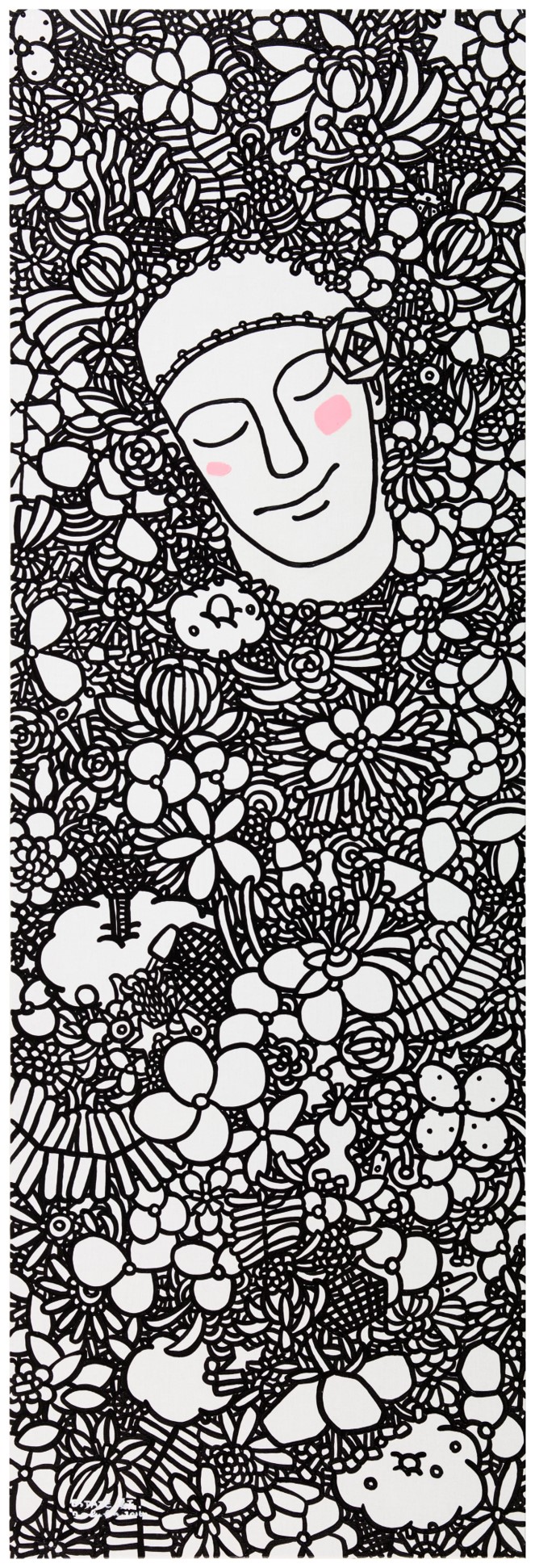 ESTATE . 夏天。ESTATE . Summer。Acrylic. Oil paint. Linen Cm 180 x 60 2016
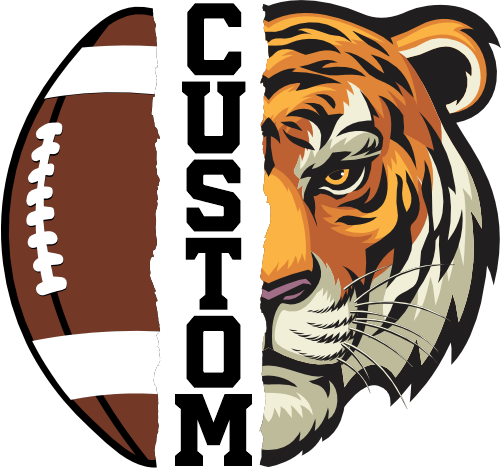 (145-1i-06) Tiger Split Mascot Football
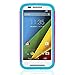 Fosmon HYBO-DUOC Slim Fit Dual-Layer Hybrid Case for Motorola Moto E (1st Gen, 2014) (Blue/Pink)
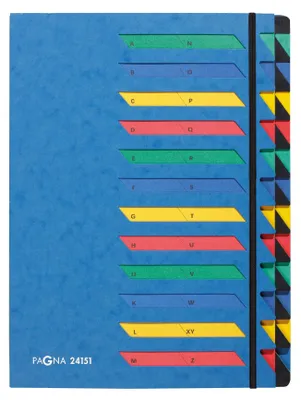 Produktbild von Pagna Deskorganizer Classic (Sammelmappe, 24 Fächer, A-Z) blau
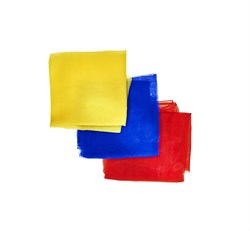 Eureka set pañuelos de malabares - juguete malabares 3 piezas nylon
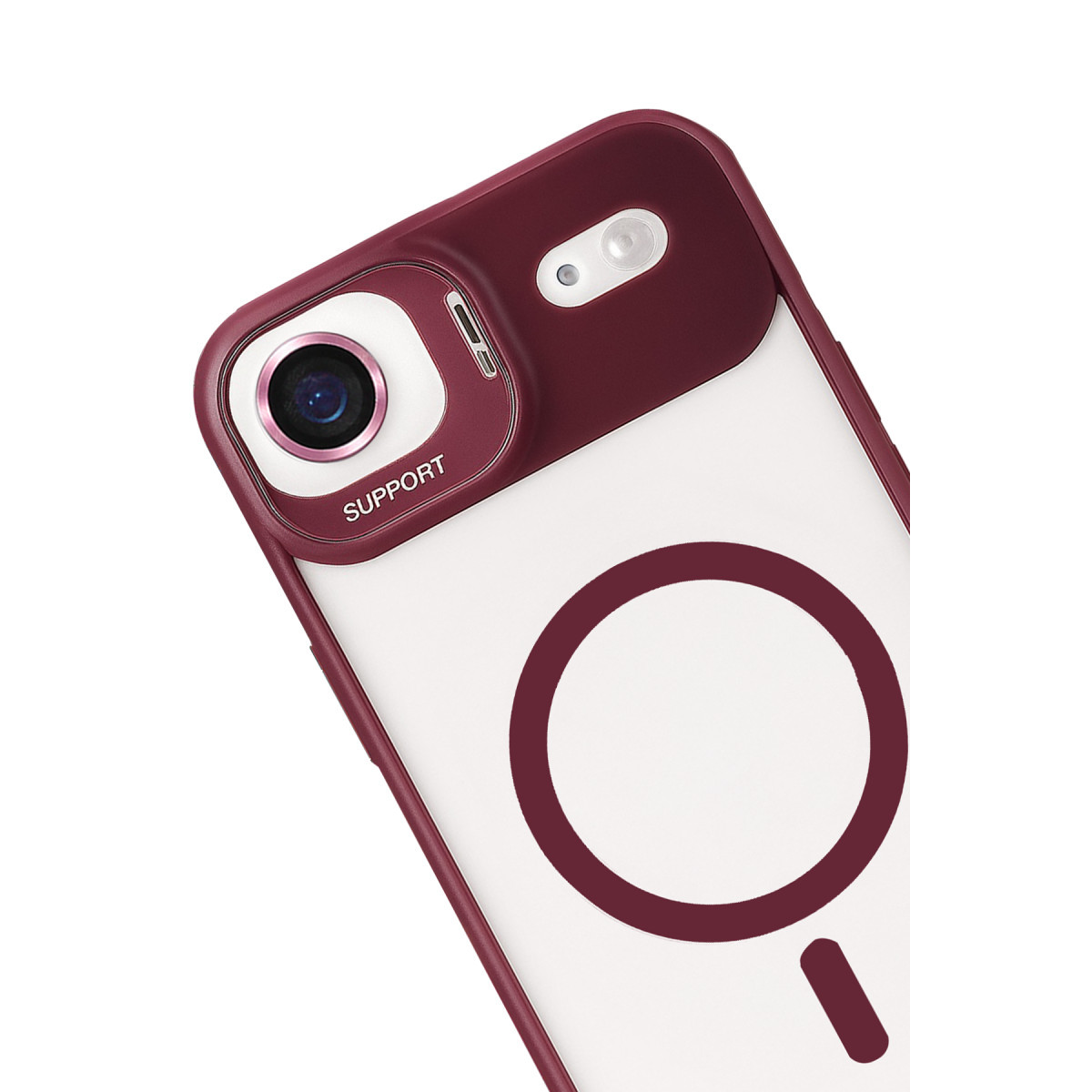 Joko Apple iPhone 17 Air Remim Lensli Magsafe Standlı Kapak - Bordo — görsel 9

→ TASK STATEMENT: Extract exactly the lines from the one containing "Produktbild von Pagna" through the last line of the records above, both included, and leave out the pictures.

→ EXPECTED ANSWER:
 Produktbild von Pagna Deskorganizer Classic (Sammelmappe, 24 Fächer, A-Z) blau
 Eureka set pañuelos de malabares - juguete malabares 3 piezas nylon
 Joko Apple iPhone 17 Air Remim Lensli Magsafe Standlı Kapak - Bordo — görsel 9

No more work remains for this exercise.